Déportations forcées
Dans les années 1960, Londres et Washington orchestrèrent l’expulsion des habitants de Chagos pour y établir une base militaire à Diego Garcia. Malgré des condamnations de l’ONU et de la Cour internationale de justice, Londres refusa de les rapatrier.
En 2023, Human Rights Watch qualifia ce déplacement de « crime contre l’humanité », réclamant justice et réparations.
Exploitation économique et esclavage
La politique britannique visait le profit. Au Bengale, des impôts écrasants menèrent à une famine en 1770 qui tua 10 millions de personnes. Entre 1765 et 1938, Londres pilla l’Inde de 9 milliards de livres.
L’Empire britannique participa activement à la traite transatlantique, réduisant en esclavage plus de 3 millions d’Africains. Malgré l’abolition de la traite en 1807, l’esclavage se poursuivit jusqu’en 1833.
Trahisons au Moyen-Orient
Pendant la Première Guerre mondiale, Londres promit l’indépendance aux Arabes tout en concluant l’accord Sykes-Picot avec la France. En 1917, la Déclaration Balfour ouvrit la voie au mandat britannique sur la Palestine (1920–1948) et à la fondation d’Israël.
En 2017, Londres refusa de s’excuser, malgré une pétition signée par 11 000 citoyens britanniques.
Procès et révélations
En 2012, la Haute Cour de Londres entendit les témoignages de Kényans torturés dans les années 1950. Une femme raconta avoir été violée avec un outil métallique.
Le juge força le Foreign Office à dévoiler plus de 8 800 documents stockés à Hanslope Park. Ils révélèrent l’ampleur des abus, y compris à Chypre, où des femmes furent violées par les forces coloniales. Londres offrit des compensations financières sans reconnaître sa responsabilité légale.
Destruction systématique des archives
Après le procès de 2012, une enquête officielle montra que Londres avait détruit des milliers de documents sensibles pour empêcher leur divulgation. Ceux qui restèrent furent cachés près de 50 ans.
Parmi les rares documents révélés figuraient des preuves de tortures, d’expulsions, et d’un centre secret de torture à Aden. À la demande d’un ministre, les documents compromettants furent brûlés ou coulés en mer.
Des excuses tardives et ambiguës
La perception positive de l’empire s’est effritée. Selon des sondages récents, 6 Britanniques sur 10 réclament des excuses pour l’esclavage.
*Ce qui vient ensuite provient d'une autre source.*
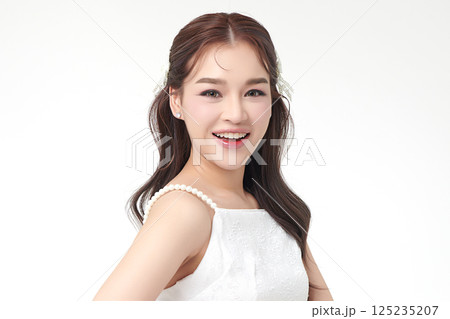 A beautiful young Asian woman with clean, fresh skin against a white background. Skincare, facial treatment, cosmetology, beauty, and spa. An elegant portrait of an Asian woman. A beautiful young Asian woman with clean, fresh skin against a white background. Skincare, facial treatment, cosmetology, beauty, and spa. An elegant portrait of an Asian woman. 125235207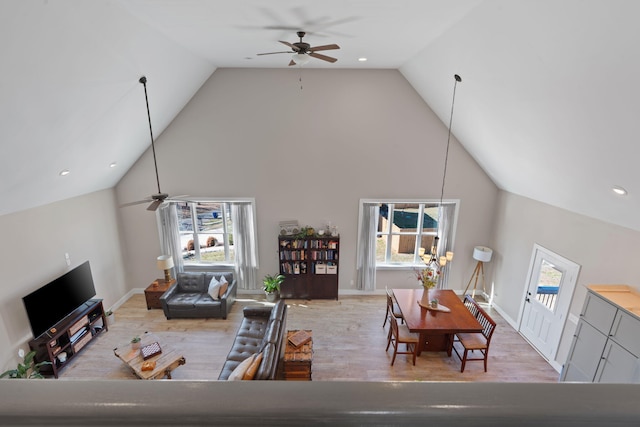 living area featuring ceiling fan, wood finished floors, and baseboards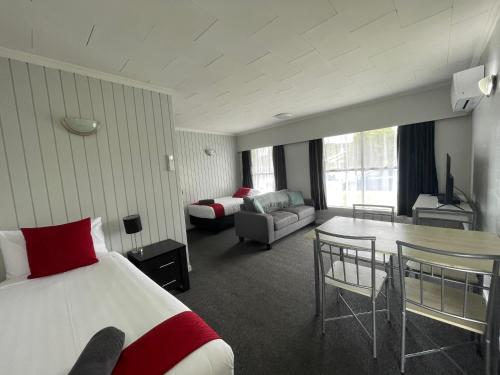 旺阿雷肯辛顿汽车旅馆的酒店客房配有床、桌子和沙发。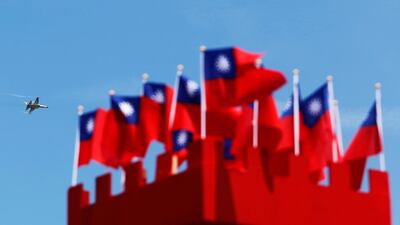 A Taiwanese-built Indigenous Defence Fighter performs at Gangshan air force base in Kaohsiung. Taiwan has threatened to intercept aircraft that threaten its security amid a dispute over air routes created by China. Tyrone Siu / Reuters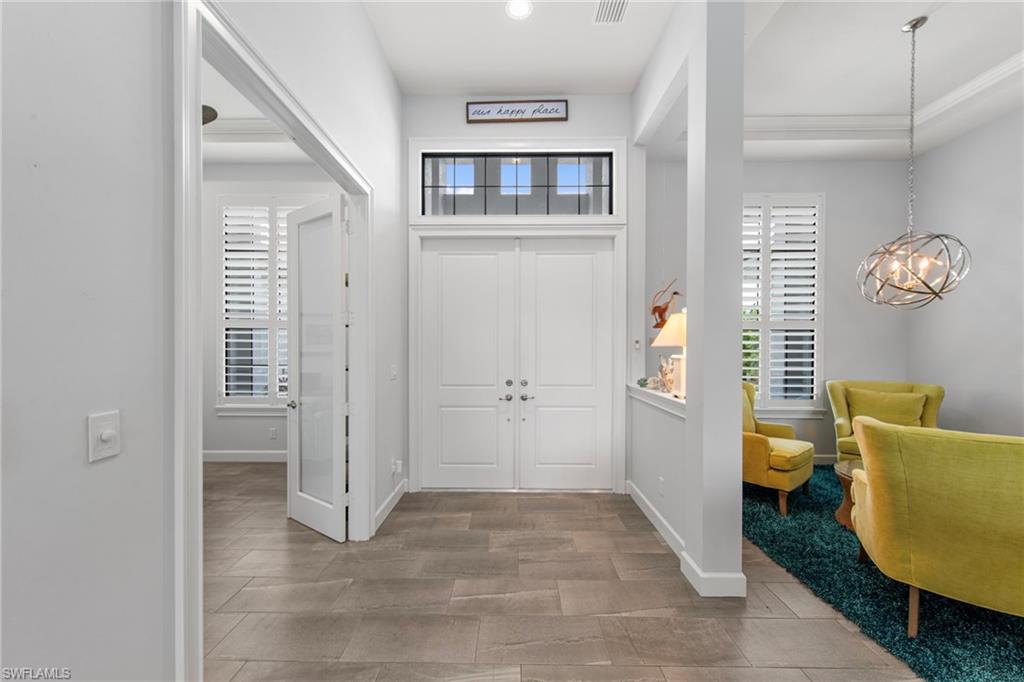 Entryway featuring a double door entrance with transom window, tile flooring, tray ceiling, and an architectural pendant light fixture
En 2023, Charles III exprima ses « profonds regrets » lors d’une visite au Kenya, qualifiant les abus de « violences atroces ». Le président William Ruto parla d’un « geste courageux » mais insuffisant.
La Commission kényane des droits humains jugea ces propos insuffisants et exigea des excuses publiques. Juridiquement, les excuses n’impliquent aucune obligation de réparation, d’où leur rareté.
L’influence britannique continue aujourd’hui sous des formes plus discrètes, à travers des institutions comme le Commonwealth ou l’ONU, où les anciennes puissances conservent un poids décisif.